From:Paul E. Bennett
Subject:Re: MTBF for Windows and Linux
Date:Sun, 28 Nov 2004 19:55:25 +0000
leslie wrote:

> Here's an article against using Windows for mission-critical applications
> such as pipeline control:
>
> http://www.seattleweekly.com/features/0002/tech-scigliano.shtml
> Seattle Weekly - tech: A worm in the works
>
> "Could disasters loom as more and more pipeline operators switch
> to Windows NT?

Anyone considering MS Windows based products for any mission critical
appllcation should take a look at the licence conditions for starters. If
you do use it for such applications you are standing alone and may be seen
as liable for the consequences of any unfavourable outcome. All MS terms
and conditions actuially forbid use of their products in mission critical
applications without consulktation with MS first.

> The systems in operation at the time of the explosion were still VAXes,
> not Alphas:

I suppose those who are responsibvle for critical systems on other OS's
might like to comment on what the situation is with their set-up.

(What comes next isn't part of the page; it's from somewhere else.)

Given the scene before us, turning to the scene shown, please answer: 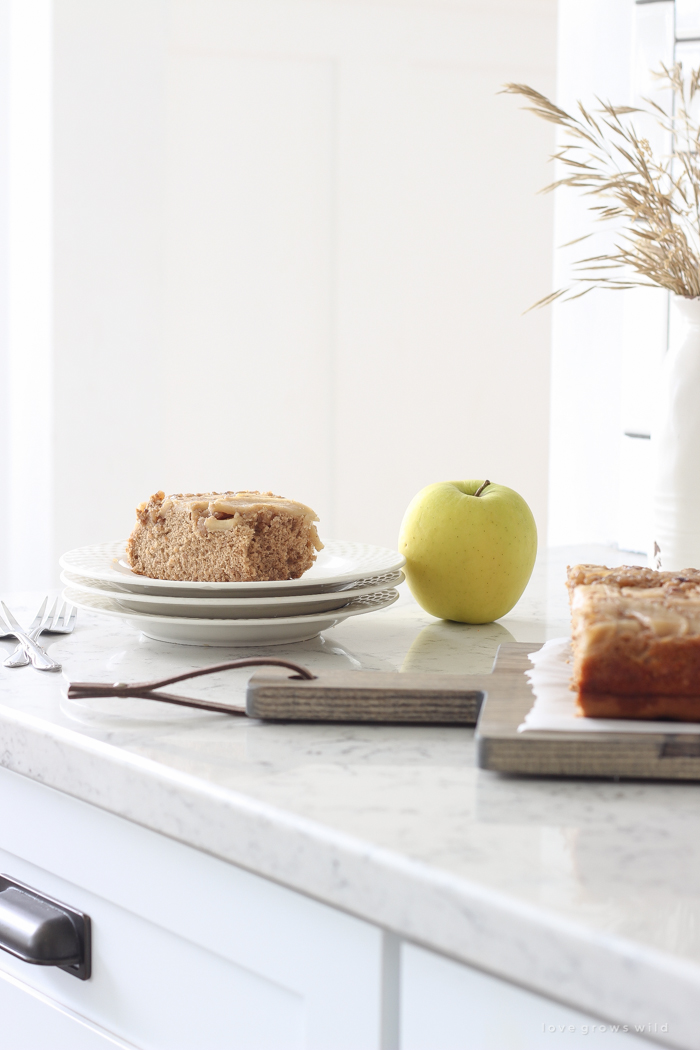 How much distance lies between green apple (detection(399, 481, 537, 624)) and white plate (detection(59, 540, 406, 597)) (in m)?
0.03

As I only
use such systems at the HMI level, not the "Safety Critical" level, there
is little risk involved even if the whole HMI failed.

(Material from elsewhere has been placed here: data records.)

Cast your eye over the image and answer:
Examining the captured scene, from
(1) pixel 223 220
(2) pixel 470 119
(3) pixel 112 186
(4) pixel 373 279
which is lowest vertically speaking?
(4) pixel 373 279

As I indicated in my last posting on this topic, utilising a multi-layer
approach to critical systems will ensure that the critical parts are
concentrated in sub-systems that you can prove will operate safely and
correctly under all non-optimal situations.

--
********************************************************************
Paul E. Bennett ....................
Forth based HIDECS Consultancy .....
Mob: +44 (0)7811-639972 .........NOW AVAILABLE:- HIDECS COURSE......
Tel: +44 (0)1235-811095 .... see http://www.feabhas.com for details.
Going Forth Safely ..... EBA. www.electric-boat-association.org.uk..
********************************************************************
From:Nick Landsberg
Subject:Re: MTBF for Windows and Linux
Date:Thu, 25 Nov 2004 20:54:56 GMT
Ian Mckay wrote:

> hi,
>
> Im doing a project on the suitability (or lack there-of) of Windows
> and Linux for use in critical systems. Try as i might i can't find any
> articles discussing this topic (Only heated discussions in the odd
> forum). I am particularly interested in finding figures for the mean
> time between failure for these two OS's as well as common faults that
> are well known. If anyone can point me in the right direction that
> would be very helpful.

Google for either "Carrier Grade Linux" or "High Availability
Linux" or "real time Linux".

I doubt that anyone has published MTBF or MTTR, however.
The Carrier Grade Linux effort is too new to have many
results to report, and do you really
think MS would publish data of that kind about Windows?

If you do get any data, just be skeptical and look
at it with a jaundiced eye. Are 12 one minute outages
a year better or worse than one 12 minute outage a year?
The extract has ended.